Reproduction of part of the material below, pictures omitted: copy exactly, and only, the lines starting with the one with "Image de Cottage" and going on through the one with "1-комн квартира улица".

> **Data extracts**:
**********

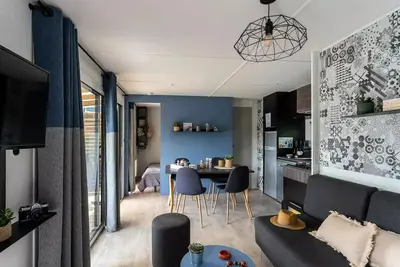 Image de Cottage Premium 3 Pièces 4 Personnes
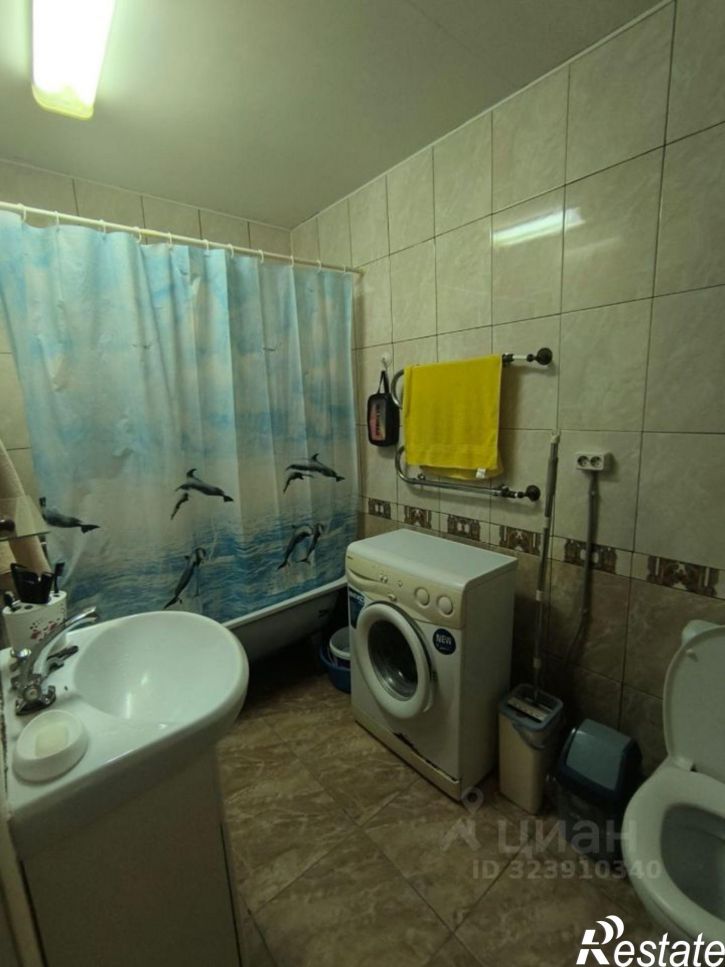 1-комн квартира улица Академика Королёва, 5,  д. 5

**********

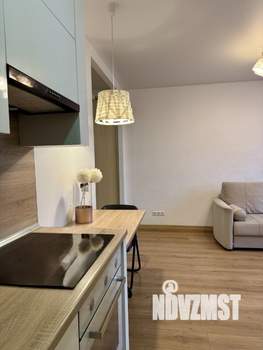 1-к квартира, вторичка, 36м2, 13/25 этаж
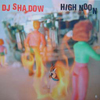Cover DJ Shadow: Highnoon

**********

> **Exercise result**:
 Image de Cottage Premium 3 Pièces 4 Personnes
 1-комн квартира улица Академика Королёва, 5,  д. 5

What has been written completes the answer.